No director may serve on more than three other public company boards. Directors should advise the Chairman of the Board and the Chairman of the Nominating and Governance Committee in advance of accepting an invitation to serve on another public company board. Directors shall resign from the Board of Directors effective as of the annual meeting of stockholders following the date on which they reach the age of 70. -
Director Responsibilities
The basic responsibility of the directors is to exercise their business judgment to act in what they reasonably believe to be in the best interests of the Company and its shareholders. In discharging that obligation, directors should be entitled to rely on the honesty and integrity of the Company’s senior executives and its outside advisors and auditors.

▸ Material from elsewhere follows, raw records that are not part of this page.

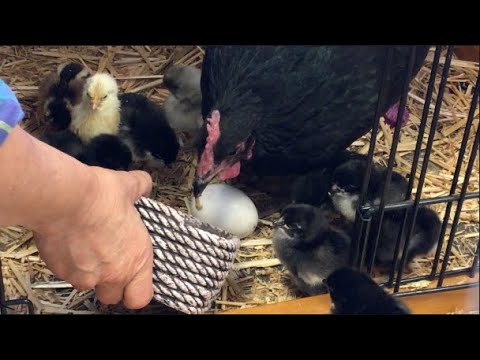 FARM ANIMAL SOUNDS FOR KIDS | Mother Hen teaches baby chicks to eat grain and worms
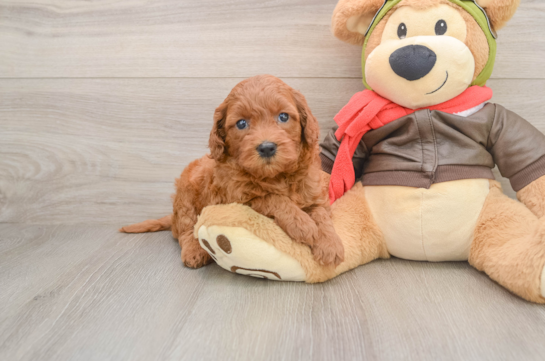 Hypoallergenic Mini Goldiepoo Poodle Mix Puppy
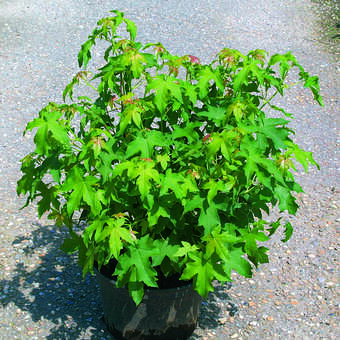 Liquidambar styraciflua 'Gum Ball'
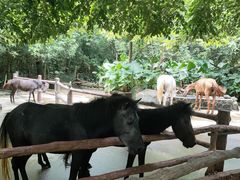 -海南热带野生动植物园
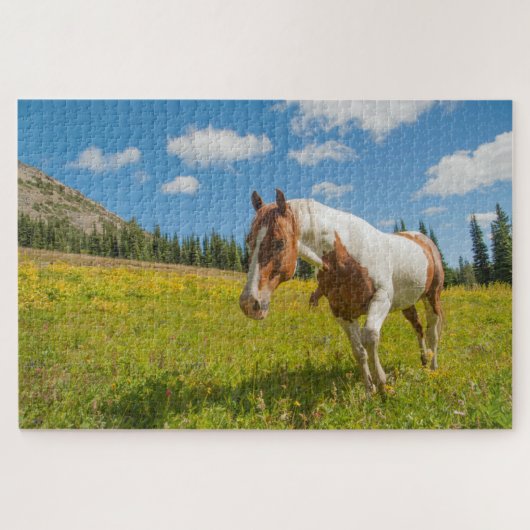 Neugieriges Pferd auf der Alp Wiese im Sommer Puzzle (Horizontal)
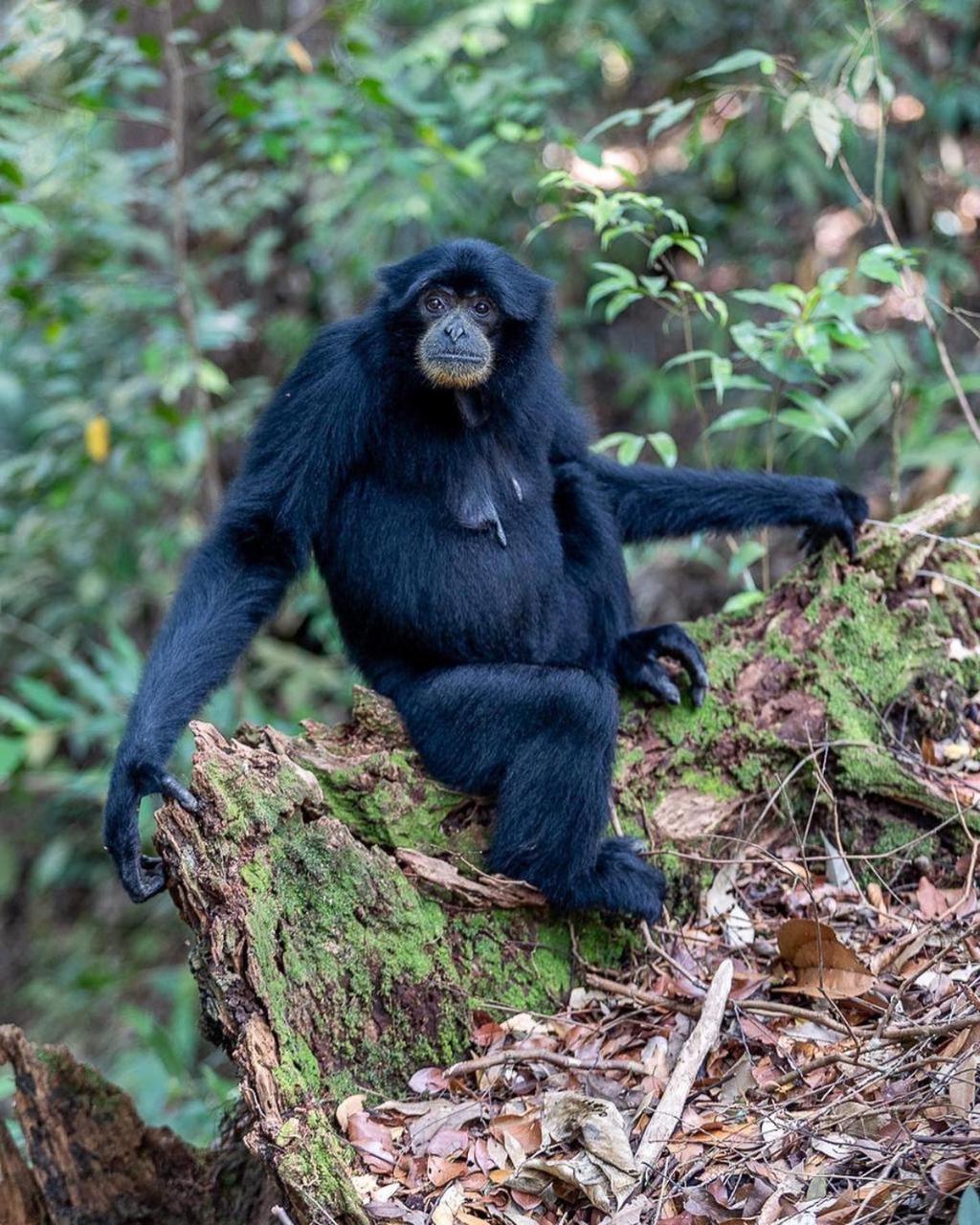 Jungle Life Guest House - Trekking & Transport Only Book With Us Bukit Lawang Ngoại thất bức ảnh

Directors are expected to attend Board and shareholder meetings and meetings of committees on which they serve to the extent they are reasonably able and to spend the time needed and meet as frequently as necessary to properly discharge their responsibilities. Information and data that are important to the directors’ understanding of the business to be conducted at a Board or committee meeting should generally be distributed in writing to the directors before the meeting (whenever practicable), and directors should review these materials in advance of the meeting. Any non-management or independent director may request that the Company Secretary call a meeting of the non-management directors on three (3) days notice.
The non-management directors will meet in regularly scheduled executive sessions without management. The directors who shall preside at any such meeting shall be the Chairman of the Audit, Compensation, Nominating and Governance, and Executive Committees, who shall preside at any such meeting in the first, second, third and fourth calendar quarter of each year respectively.
If the group of non-management directors meeting in their regularly scheduled session includes directors that are not independent under Section 303A of the NYSE Listed Company Manual, at least once a year there shall be an executive session including only independent directors.
The directors shall be entitled to Company-purchased directors’ and officers’ liability insurance on their behalf, the benefits of indemnification to the fullest extent permitted by law and the Company’s charter, bylaws and any indemnification agreements, and to exculpation as provided by state law and the Company’s charter. -
Board Committees
The Board will have at all times an Audit Committee, a Compensation Committee and a Nominating and Governance Committee. All of the members of these committees will be independent directors under the criteria established by applicable laws, rules and regulations.
Each committee will have its own charter. The charters will set forth the purposes and responsibilities of the committees as well as qualifications for committee membership, procedures for committee member appointment and removal, committee structure and operations, and committee reporting procedures to the Board. The charters will also provide that each committee will annually evaluate its performance.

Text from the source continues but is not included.